Please output only the lines that begin at the line with "NIIMBOT thermal labels" and run through the end of the entries below, exactly as written. Drop all pictures.

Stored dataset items
# # # #

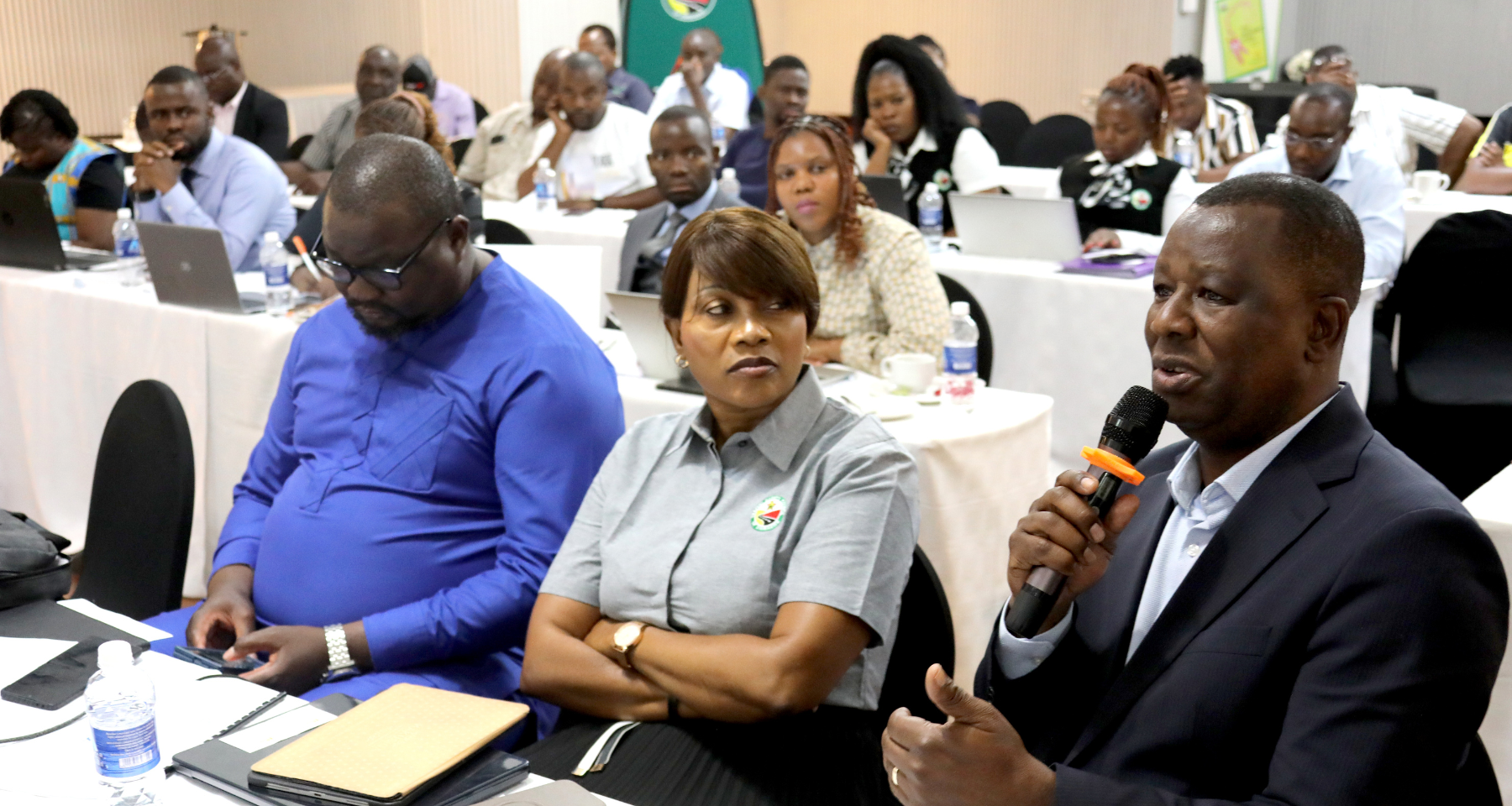 Managing Director Traffic Safety Council of Zimbabwe Mr Munesu Munodawafa gives remarks at the ministerial launch of public consultaions for the Road Accident Fund (RAF) Bill in Bulawayo yesterday.Listening from left are TSCZ chairman Mr Kura Sibanda and the deputy board chair Ms BunuLiziwe Bunu.Picture: Eliah Saushoma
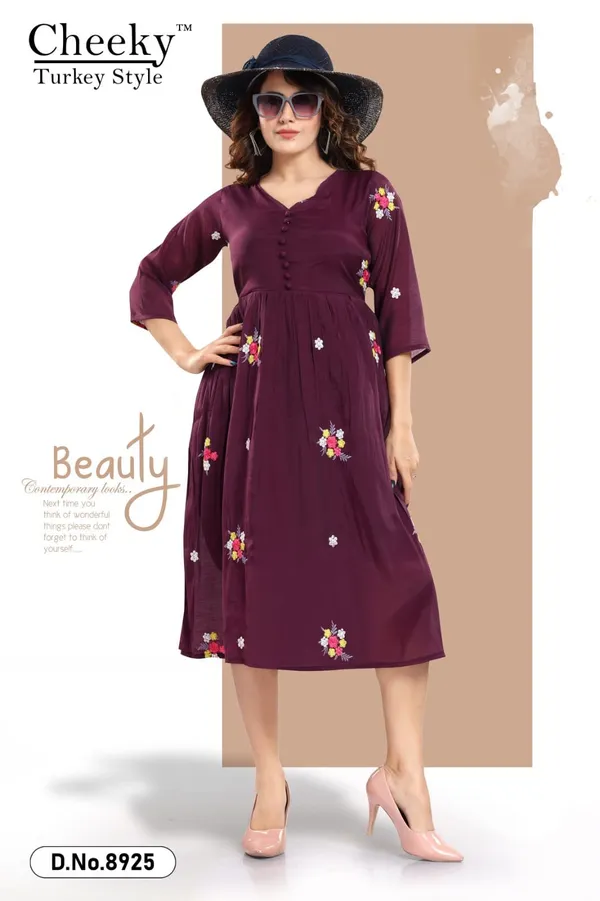 Maroon_Chiffon_Floral_Print_A-Line_Dress_For_Women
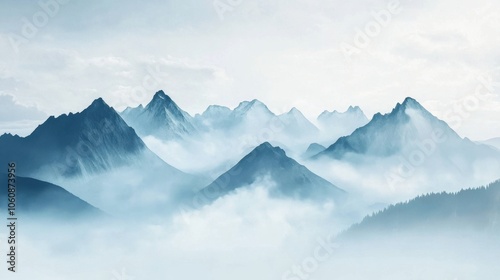 Misty Mountain Peaks Enveloped in Ethereal Beauty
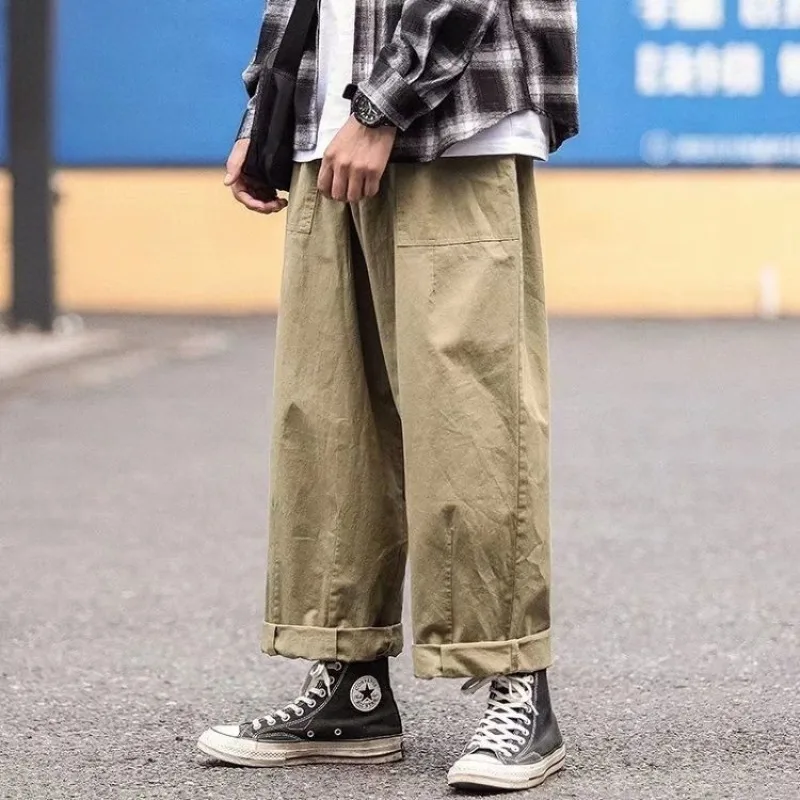 Men's 100% Cotton Japanese Style Trendy Loose Wide Leg Casual Cargo Pants Spring Autumn Fashion Sweatpants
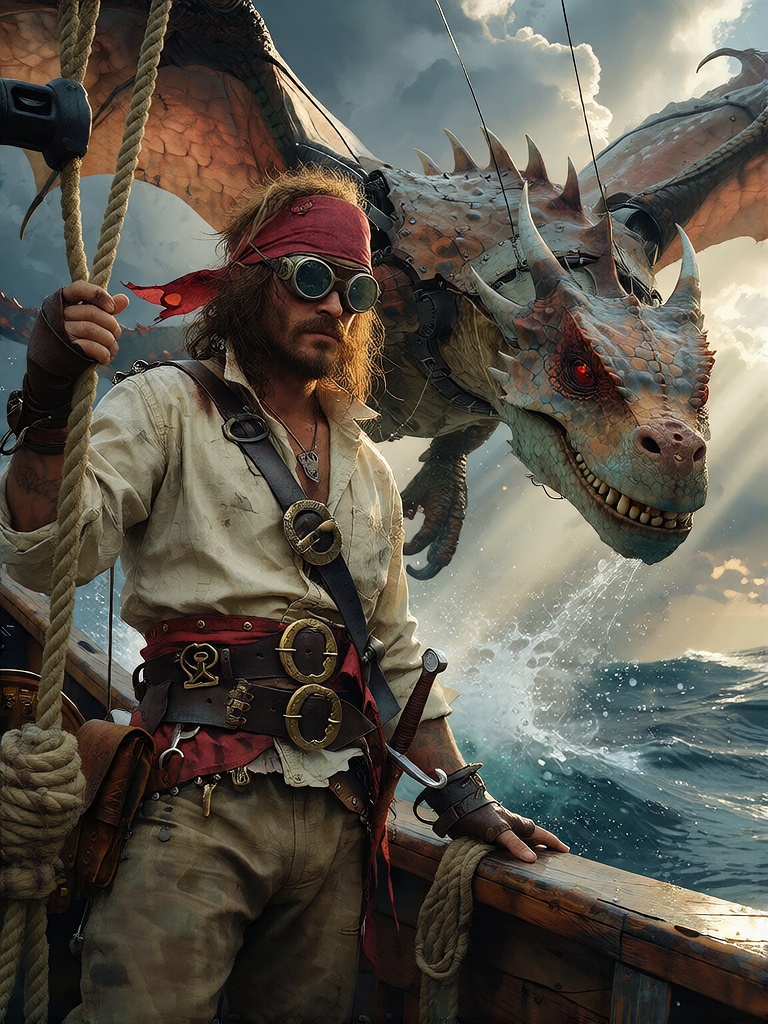 Bradhamel art style. A rugged,  red-haired pirate with a red bandana and goggles stands on the deck of a wooden ship,  gri...
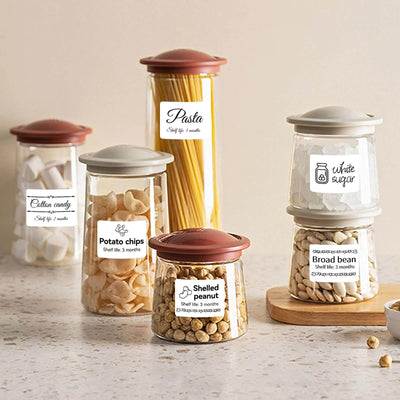 NIIMBOT thermal labels for kitchen food storage jars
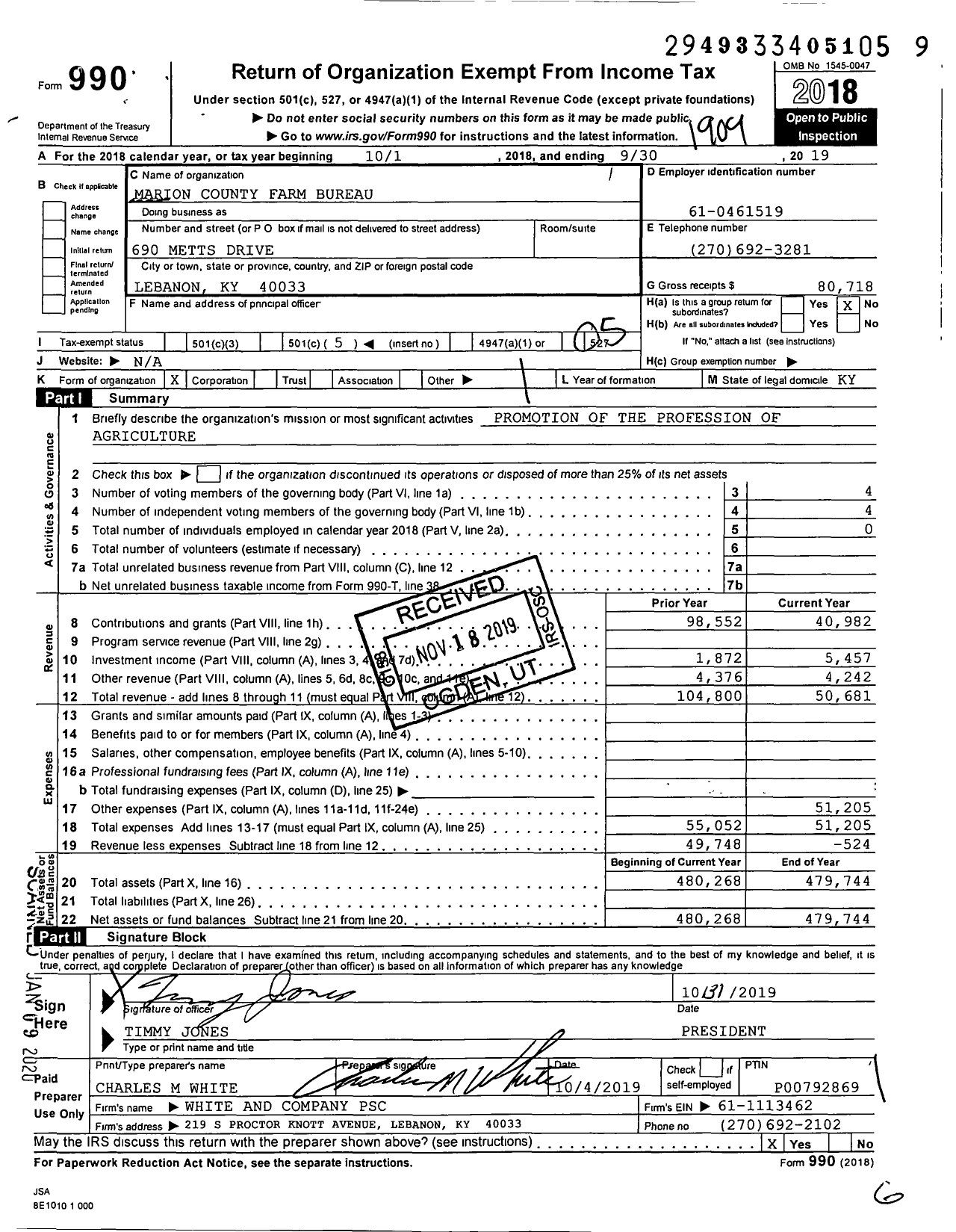 Image of first page of 2018 Form 990O for Kentucky Farm Bureau Federation - Marion County Farm Bureau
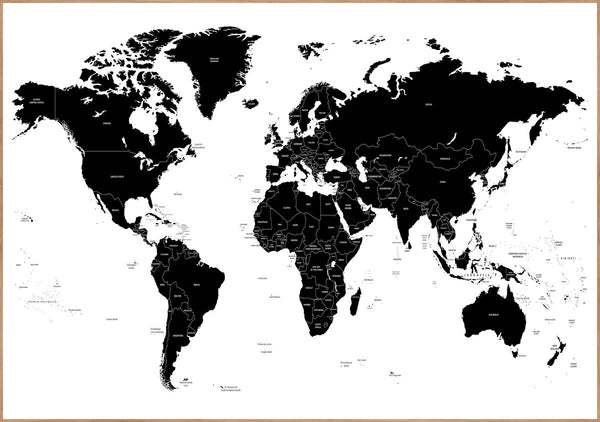 Worldmap White | INDRAMMET BILLEDE Indrammet billede MF 30x40 Egeramme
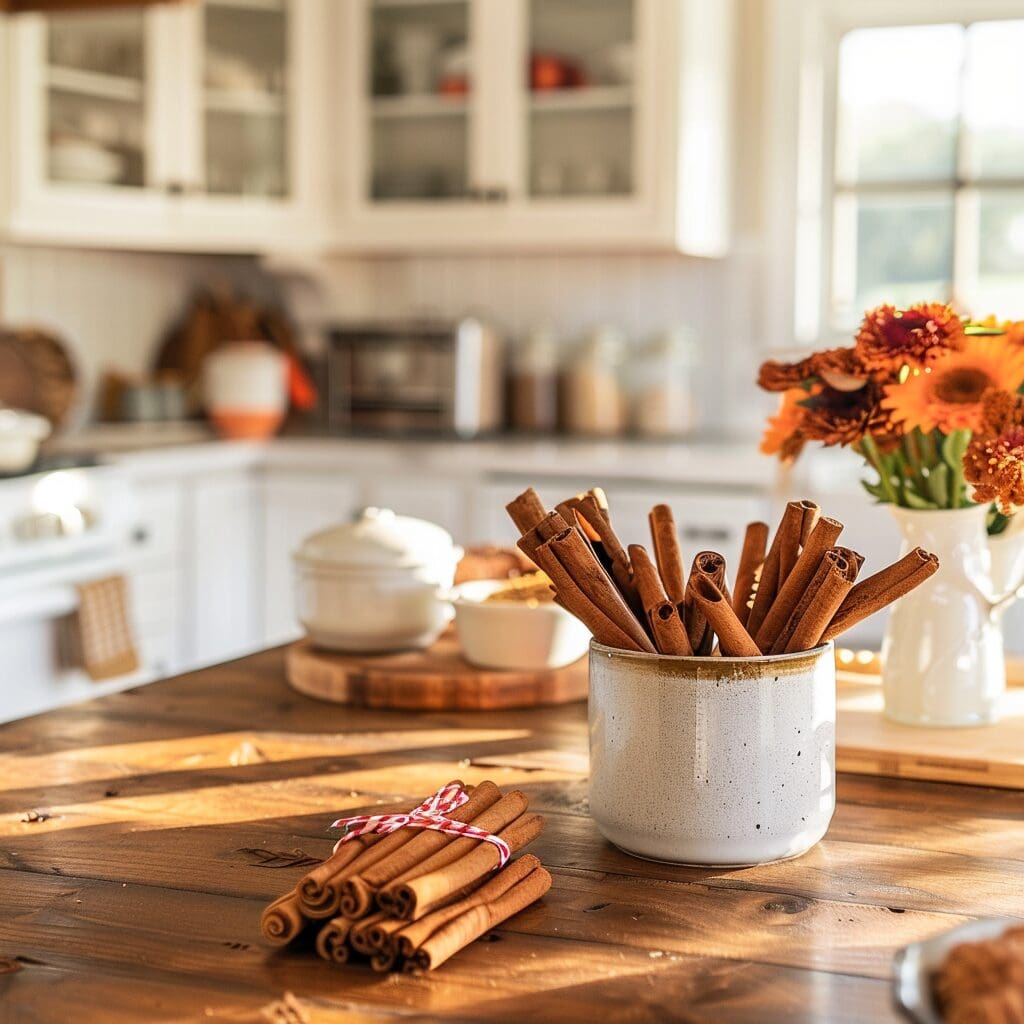 cinnamon bark sticks on a farm table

# # # #

__Exercise answer__
 NIIMBOT thermal labels for kitchen food storage jars
 Image of first page of 2018 Form 990O for Kentucky Farm Bureau Federation - Marion County Farm Bureau
 Worldmap White | INDRAMMET BILLEDE Indrammet billede MF 30x40 Egeramme
 cinnamon bark sticks on a farm table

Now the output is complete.